Yeni Şafak ABD’nin Suriye PKK’sına yönelik kara ve hava sevkiyatlarında örgüte teslim ettiği Rus-Kaleşnikof sayısının 100 bini aştığı bilgisine ulaştı. Halen PKK bileşeni bir grupta üst düzey görev yapan kaynak örgütün giren her silah ve cephane ile ilgili resmi envanter tuttuğunu ve ABD’nin teslim ettiği silahlardan yalnızca yüzde 30’luk kısmın sıcak hatlara ( DEAŞ’a karşı savaşmak üzere) sevk edildiğini söyledi.
LİSTE KABARIK
Suriye’nin bölünmesi sürecinde ABD’nin tek müttefiği ve kara gücü olan PKK’ya verilen silah, cephane, zırhlı araç ve teçhizat listesi oldukça kabarık. İlk olarak hafif piyade tüfekleri, keskin nişancı silahları ile başlayan destek sonrasında havan topları, orta ve ağır makineli tüfekler, roketatarlar, tank savar füzeleri, uçaksavarlar ve gelişmiş zırhlı araçlarla devam etti. Destek verdiği terör oluşumuna, kamuflaj, dijital gece görüş dürbünleri, nokta işaretleyiciler, kızılötesi lazer aydınlatıcılar ve muhaberat amaçlı telsiz sistemleri veren Pentagon bu silah ve teçhizatın kullanımı konusunda da PKK’lıları özel eğitime tabi tuttu. ABD’nin Irak-Körfez’den deniz yolu ile getirip PKK’ya teslim ettiği pikap sayısı ise 4 bini aştı. PKK envanterine giren Hummer, IAG Guardian, Humvee gibi fonksiyonel zırhlı saha araç sayısı ise 400’ü geçti.

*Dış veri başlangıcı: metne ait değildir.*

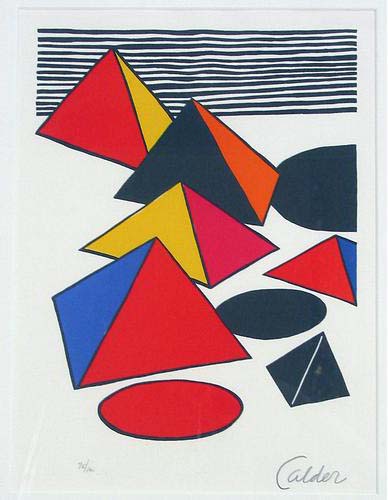 Alexander Calder - Six Pyramids-Three Circles - Limited Edition Lithograph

NATO ENVANTERİNDE Kİ TANKSAVARLAR PKK DEPOLARINDA
BKS otomatik orta menzilli tüfek, Dragunov keskin nişancı tüfeği, 80 ve 120 milimetrelik havan topu, ZU-23 ağır makineli tüfek, Doçka orta menzilli otomatik tüfek, Kaleşnikof-AK-47 ve IGLA uçaksavar, tipi silahları eski Varşova Paktı ülkelerden toplayarak teröristlere teslim eden ABD, müttefiki PKK’ya NATO envanterinden bazı hassas silahlarda verdi.
TSK-ÖSO ittifakı tarafından Cerablus’ta başlatılan ve 216 gün süren operasyon sürecinde Türkiye’nin modernize edilen 7 adet M-60 tipi tankı PKK bölgesinden atılan füzelerle vuruldu. Bölgede savaşan üst düzey bir TSK yetkilisi Yeni Şafak’a yaptığı açıklamada, Türk tanklarını vuran füzenin NATO envanterinde olan FGM-14 Javelin tipi anti tank füzesi olduğunu iddia etti.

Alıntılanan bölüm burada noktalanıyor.